Putting aside her curiosities in him, turning her focus instead to the rescue mission ahead, she told Clay everything she knew about the location, what she felt might be the best entry points, and what she knew of the nearby buildings.
When she was done, he looked at her and said, “We’re going to get your parents out of there, Felicity. This will be my second gift to you.”
With her window down, her face in the wind and her hair tossing about, she felt good for the first time since her mother was taken. When this was over, they were going to be a family again, she thought. And then they’d get the hell out of Roseburg. She snuck a look at Clay, wondered if she could talk with him about her family relocating to Five Falls. Right then, for some odd reason, when she looked at him, it was in a different light.
“What?” he asked.
“I think I feel happy,” she said, “and maybe a bit hopeful.”
Chapter Twenty-Two
When they arrived in Roseburg, the two Chicom vehicles moved cautiously through the streets going less than five miles per hour, both teams armed and ready. They got within a quarter of a mile of the airport, parked on the side of the road, then scoped out the terrain ahead.

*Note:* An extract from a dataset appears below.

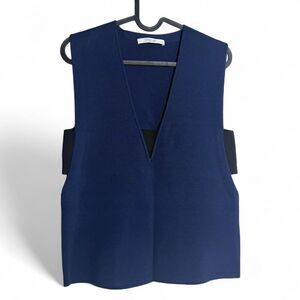 Derek Lam 10 Crosby Navy Deep V neck vest top | Sexy Subtle black side details M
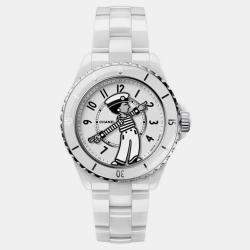 Chanel White Ceramic J12 H7481 Automatic Men's Wristwatch 38 mm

Moving swiftly, covertly, they found the detention facility, all of them shocked at how many people were locked inside the chain link fences.
Back at the vehicles, Longwei’s recon man sent a high altitude drone in for an overview. Studying the bird’s eye view, the drone team gathered together to determine the best point of incursion. This happened to be behind the piles of burning bodies.
When the team returned and everyone was in agreement about entry points and three potential exit points, the team covertly made their way to the backside of the camp.
Dressed down to their civvies to blend in with the other prisoners, Longwei cut a hole in the fence line and moved inside the camp staying low. The heat of the burn pile brought forth a thin layer of sweat he wiped away quickly. When he was in position, he rose slightly, saw the two men working the body pile, shot them both with suppressed fire.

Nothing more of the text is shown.